The answer must consist of every record below, reproduced exactly.

---- Information

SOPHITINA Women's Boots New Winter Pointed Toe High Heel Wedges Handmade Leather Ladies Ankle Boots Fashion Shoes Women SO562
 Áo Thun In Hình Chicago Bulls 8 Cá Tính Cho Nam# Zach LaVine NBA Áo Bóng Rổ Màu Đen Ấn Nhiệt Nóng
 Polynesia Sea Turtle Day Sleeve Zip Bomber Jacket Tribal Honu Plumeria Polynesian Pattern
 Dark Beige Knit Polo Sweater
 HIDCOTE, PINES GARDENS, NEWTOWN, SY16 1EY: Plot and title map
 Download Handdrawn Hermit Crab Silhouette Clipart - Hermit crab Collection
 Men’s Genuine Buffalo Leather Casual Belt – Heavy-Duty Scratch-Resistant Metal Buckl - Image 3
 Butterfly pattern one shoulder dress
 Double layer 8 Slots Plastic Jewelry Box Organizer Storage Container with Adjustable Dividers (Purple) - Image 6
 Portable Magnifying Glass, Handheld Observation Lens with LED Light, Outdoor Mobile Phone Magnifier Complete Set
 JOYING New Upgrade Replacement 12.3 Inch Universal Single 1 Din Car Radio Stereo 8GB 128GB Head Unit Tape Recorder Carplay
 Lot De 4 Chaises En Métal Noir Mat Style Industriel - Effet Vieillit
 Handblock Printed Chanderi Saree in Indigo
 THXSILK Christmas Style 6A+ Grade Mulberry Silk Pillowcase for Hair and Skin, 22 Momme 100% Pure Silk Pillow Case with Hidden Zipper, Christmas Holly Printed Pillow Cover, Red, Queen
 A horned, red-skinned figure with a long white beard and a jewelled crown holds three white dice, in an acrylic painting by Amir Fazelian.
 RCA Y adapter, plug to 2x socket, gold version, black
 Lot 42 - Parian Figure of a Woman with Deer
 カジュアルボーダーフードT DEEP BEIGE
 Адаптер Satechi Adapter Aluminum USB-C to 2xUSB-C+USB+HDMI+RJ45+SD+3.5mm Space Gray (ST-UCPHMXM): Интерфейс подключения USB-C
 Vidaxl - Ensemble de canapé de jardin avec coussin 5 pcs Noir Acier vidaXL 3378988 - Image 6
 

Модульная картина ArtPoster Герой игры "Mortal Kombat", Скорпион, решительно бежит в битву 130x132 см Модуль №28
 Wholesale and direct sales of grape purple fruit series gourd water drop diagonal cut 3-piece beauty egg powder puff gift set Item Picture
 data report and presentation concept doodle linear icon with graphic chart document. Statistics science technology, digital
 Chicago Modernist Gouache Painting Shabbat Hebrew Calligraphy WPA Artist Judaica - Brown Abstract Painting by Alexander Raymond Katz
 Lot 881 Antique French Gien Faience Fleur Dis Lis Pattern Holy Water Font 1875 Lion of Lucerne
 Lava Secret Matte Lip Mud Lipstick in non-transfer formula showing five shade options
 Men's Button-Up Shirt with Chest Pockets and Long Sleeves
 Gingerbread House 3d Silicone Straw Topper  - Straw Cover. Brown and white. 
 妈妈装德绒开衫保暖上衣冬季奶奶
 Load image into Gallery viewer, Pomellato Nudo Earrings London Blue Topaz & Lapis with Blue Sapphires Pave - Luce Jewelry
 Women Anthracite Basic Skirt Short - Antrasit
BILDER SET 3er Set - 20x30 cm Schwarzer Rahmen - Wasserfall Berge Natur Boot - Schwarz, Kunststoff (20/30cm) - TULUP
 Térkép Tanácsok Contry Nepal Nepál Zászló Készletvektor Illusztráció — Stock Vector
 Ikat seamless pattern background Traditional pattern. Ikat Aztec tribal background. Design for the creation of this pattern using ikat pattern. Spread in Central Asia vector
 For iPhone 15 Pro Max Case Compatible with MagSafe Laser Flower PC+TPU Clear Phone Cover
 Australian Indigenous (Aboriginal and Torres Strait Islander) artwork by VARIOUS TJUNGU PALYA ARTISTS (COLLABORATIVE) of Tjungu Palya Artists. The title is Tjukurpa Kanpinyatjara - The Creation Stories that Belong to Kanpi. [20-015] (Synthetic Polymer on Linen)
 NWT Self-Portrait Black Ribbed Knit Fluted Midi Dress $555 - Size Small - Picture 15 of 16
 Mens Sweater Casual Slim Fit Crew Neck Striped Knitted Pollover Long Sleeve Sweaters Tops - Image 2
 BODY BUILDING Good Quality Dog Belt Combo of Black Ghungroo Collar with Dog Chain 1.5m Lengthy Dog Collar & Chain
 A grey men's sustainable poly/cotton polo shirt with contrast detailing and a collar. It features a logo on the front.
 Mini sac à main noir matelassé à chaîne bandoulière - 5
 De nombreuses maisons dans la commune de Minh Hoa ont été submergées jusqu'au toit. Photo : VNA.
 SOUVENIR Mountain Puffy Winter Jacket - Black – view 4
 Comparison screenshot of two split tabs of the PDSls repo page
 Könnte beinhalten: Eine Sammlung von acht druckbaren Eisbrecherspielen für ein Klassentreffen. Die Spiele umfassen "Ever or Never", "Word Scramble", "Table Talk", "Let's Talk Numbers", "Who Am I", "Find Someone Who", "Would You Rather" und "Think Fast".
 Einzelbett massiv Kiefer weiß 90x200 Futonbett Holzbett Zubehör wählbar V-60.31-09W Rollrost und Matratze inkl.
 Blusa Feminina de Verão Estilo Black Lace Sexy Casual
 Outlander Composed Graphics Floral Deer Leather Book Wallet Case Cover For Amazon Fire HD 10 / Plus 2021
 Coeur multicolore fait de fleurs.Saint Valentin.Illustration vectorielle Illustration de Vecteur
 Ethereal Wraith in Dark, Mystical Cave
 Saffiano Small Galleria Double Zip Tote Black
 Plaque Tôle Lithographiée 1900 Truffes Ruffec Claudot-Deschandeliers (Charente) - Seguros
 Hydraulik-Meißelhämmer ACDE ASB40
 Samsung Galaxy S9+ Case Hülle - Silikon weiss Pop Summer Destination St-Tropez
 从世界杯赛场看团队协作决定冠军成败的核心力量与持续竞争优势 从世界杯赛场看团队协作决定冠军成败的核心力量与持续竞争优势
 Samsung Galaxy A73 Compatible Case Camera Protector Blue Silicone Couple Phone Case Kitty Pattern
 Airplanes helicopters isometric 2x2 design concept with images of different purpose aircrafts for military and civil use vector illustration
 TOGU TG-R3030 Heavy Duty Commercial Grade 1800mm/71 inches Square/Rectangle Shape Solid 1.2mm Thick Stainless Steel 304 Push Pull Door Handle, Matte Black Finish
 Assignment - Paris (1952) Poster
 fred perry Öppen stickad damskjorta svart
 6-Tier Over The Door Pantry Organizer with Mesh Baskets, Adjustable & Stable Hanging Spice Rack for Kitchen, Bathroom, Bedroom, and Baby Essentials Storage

--------

(Answer for this exercise):
SOPHITINA Women's Boots New Winter Pointed Toe High Heel Wedges Handmade Leather Ladies Ankle Boots Fashion Shoes Women SO562
 Áo Thun In Hình Chicago Bulls 8 Cá Tính Cho Nam# Zach LaVine NBA Áo Bóng Rổ Màu Đen Ấn Nhiệt Nóng
 Polynesia Sea Turtle Day Sleeve Zip Bomber Jacket Tribal Honu Plumeria Polynesian Pattern
 Dark Beige Knit Polo Sweater
 HIDCOTE, PINES GARDENS, NEWTOWN, SY16 1EY: Plot and title map
 Download Handdrawn Hermit Crab Silhouette Clipart - Hermit crab Collection
 Men’s Genuine Buffalo Leather Casual Belt – Heavy-Duty Scratch-Resistant Metal Buckl - Image 3
 Butterfly pattern one shoulder dress
 Double layer 8 Slots Plastic Jewelry Box Organizer Storage Container with Adjustable Dividers (Purple) - Image 6
 Portable Magnifying Glass, Handheld Observation Lens with LED Light, Outdoor Mobile Phone Magnifier Complete Set
 JOYING New Upgrade Replacement 12.3 Inch Universal Single 1 Din Car Radio Stereo 8GB 128GB Head Unit Tape Recorder Carplay
 Lot De 4 Chaises En Métal Noir Mat Style Industriel - Effet Vieillit
 Handblock Printed Chanderi Saree in Indigo
 THXSILK Christmas Style 6A+ Grade Mulberry Silk Pillowcase for Hair and Skin, 22 Momme 100% Pure Silk Pillow Case with Hidden Zipper, Christmas Holly Printed Pillow Cover, Red, Queen
 A horned, red-skinned figure with a long white beard and a jewelled crown holds three white dice, in an acrylic painting by Amir Fazelian.
 RCA Y adapter, plug to 2x socket, gold version, black
 Lot 42 - Parian Figure of a Woman with Deer
 カジュアルボーダーフードT DEEP BEIGE
 Адаптер Satechi Adapter Aluminum USB-C to 2xUSB-C+USB+HDMI+RJ45+SD+3.5mm Space Gray (ST-UCPHMXM): Интерфейс подключения USB-C
 Vidaxl - Ensemble de canapé de jardin avec coussin 5 pcs Noir Acier vidaXL 3378988 - Image 6
 

Модульная картина ArtPoster Герой игры "Mortal Kombat", Скорпион, решительно бежит в битву 130x132 см Модуль №28
 Wholesale and direct sales of grape purple fruit series gourd water drop diagonal cut 3-piece beauty egg powder puff gift set Item Picture
 data report and presentation concept doodle linear icon with graphic chart document. Statistics science technology, digital
 Chicago Modernist Gouache Painting Shabbat Hebrew Calligraphy WPA Artist Judaica - Brown Abstract Painting by Alexander Raymond Katz
 Lot 881 Antique French Gien Faience Fleur Dis Lis Pattern Holy Water Font 1875 Lion of Lucerne
 Lava Secret Matte Lip Mud Lipstick in non-transfer formula showing five shade options
 Men's Button-Up Shirt with Chest Pockets and Long Sleeves
 Gingerbread House 3d Silicone Straw Topper  - Straw Cover. Brown and white. 
 妈妈装德绒开衫保暖上衣冬季奶奶
 Load image into Gallery viewer, Pomellato Nudo Earrings London Blue Topaz & Lapis with Blue Sapphires Pave - Luce Jewelry
 Women Anthracite Basic Skirt Short - Antrasit
BILDER SET 3er Set - 20x30 cm Schwarzer Rahmen - Wasserfall Berge Natur Boot - Schwarz, Kunststoff (20/30cm) - TULUP
 Térkép Tanácsok Contry Nepal Nepál Zászló Készletvektor Illusztráció — Stock Vector
 Ikat seamless pattern background Traditional pattern. Ikat Aztec tribal background. Design for the creation of this pattern using ikat pattern. Spread in Central Asia vector
 For iPhone 15 Pro Max Case Compatible with MagSafe Laser Flower PC+TPU Clear Phone Cover
 Australian Indigenous (Aboriginal and Torres Strait Islander) artwork by VARIOUS TJUNGU PALYA ARTISTS (COLLABORATIVE) of Tjungu Palya Artists. The title is Tjukurpa Kanpinyatjara - The Creation Stories that Belong to Kanpi. [20-015] (Synthetic Polymer on Linen)
 NWT Self-Portrait Black Ribbed Knit Fluted Midi Dress $555 - Size Small - Picture 15 of 16
 Mens Sweater Casual Slim Fit Crew Neck Striped Knitted Pollover Long Sleeve Sweaters Tops - Image 2
 BODY BUILDING Good Quality Dog Belt Combo of Black Ghungroo Collar with Dog Chain 1.5m Lengthy Dog Collar & Chain
 A grey men's sustainable poly/cotton polo shirt with contrast detailing and a collar. It features a logo on the front.
 Mini sac à main noir matelassé à chaîne bandoulière - 5
 De nombreuses maisons dans la commune de Minh Hoa ont été submergées jusqu'au toit. Photo : VNA.
 SOUVENIR Mountain Puffy Winter Jacket - Black – view 4
 Comparison screenshot of two split tabs of the PDSls repo page
 Könnte beinhalten: Eine Sammlung von acht druckbaren Eisbrecherspielen für ein Klassentreffen. Die Spiele umfassen "Ever or Never", "Word Scramble", "Table Talk", "Let's Talk Numbers", "Who Am I", "Find Someone Who", "Would You Rather" und "Think Fast".
 Einzelbett massiv Kiefer weiß 90x200 Futonbett Holzbett Zubehör wählbar V-60.31-09W Rollrost und Matratze inkl.
 Blusa Feminina de Verão Estilo Black Lace Sexy Casual
 Outlander Composed Graphics Floral Deer Leather Book Wallet Case Cover For Amazon Fire HD 10 / Plus 2021
 Coeur multicolore fait de fleurs.Saint Valentin.Illustration vectorielle Illustration de Vecteur
 Ethereal Wraith in Dark, Mystical Cave
 Saffiano Small Galleria Double Zip Tote Black
 Plaque Tôle Lithographiée 1900 Truffes Ruffec Claudot-Deschandeliers (Charente) - Seguros
 Hydraulik-Meißelhämmer ACDE ASB40
 Samsung Galaxy S9+ Case Hülle - Silikon weiss Pop Summer Destination St-Tropez
 从世界杯赛场看团队协作决定冠军成败的核心力量与持续竞争优势 从世界杯赛场看团队协作决定冠军成败的核心力量与持续竞争优势
 Samsung Galaxy A73 Compatible Case Camera Protector Blue Silicone Couple Phone Case Kitty Pattern
 Airplanes helicopters isometric 2x2 design concept with images of different purpose aircrafts for military and civil use vector illustration
 TOGU TG-R3030 Heavy Duty Commercial Grade 1800mm/71 inches Square/Rectangle Shape Solid 1.2mm Thick Stainless Steel 304 Push Pull Door Handle, Matte Black Finish
 Assignment - Paris (1952) Poster
 fred perry Öppen stickad damskjorta svart
 6-Tier Over The Door Pantry Organizer with Mesh Baskets, Adjustable & Stable Hanging Spice Rack for Kitchen, Bathroom, Bedroom, and Baby Essentials Storage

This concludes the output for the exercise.